● PROMPT
From the listing below, copy only the lines from the line that contains "Silver Bullet Has" to the line that contains "Pfingstrose Druck, Antikes", counting those two lines as part of the copy.

● PROVIDED MATERIAL
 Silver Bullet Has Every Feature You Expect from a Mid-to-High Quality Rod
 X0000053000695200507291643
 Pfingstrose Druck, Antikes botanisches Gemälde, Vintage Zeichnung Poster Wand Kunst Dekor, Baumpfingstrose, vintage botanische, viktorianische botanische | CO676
...
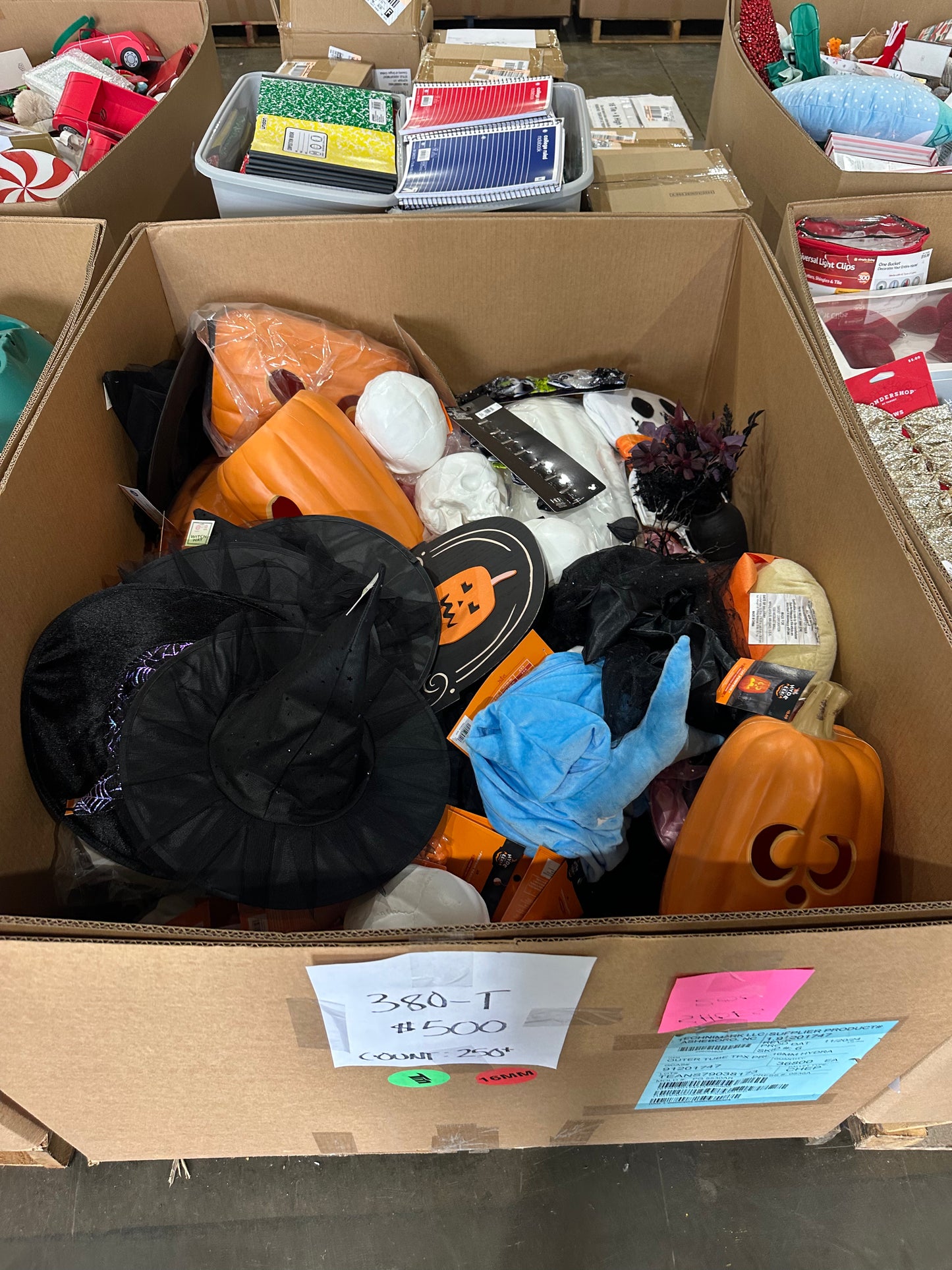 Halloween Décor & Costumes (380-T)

● YOUR SOLUTION
 Silver Bullet Has Every Feature You Expect from a Mid-to-High Quality Rod
 X0000053000695200507291643
 Pfingstrose Druck, Antikes botanisches Gemälde, Vintage Zeichnung Poster Wand Kunst Dekor, Baumpfingstrose, vintage botanische, viktorianische botanische | CO676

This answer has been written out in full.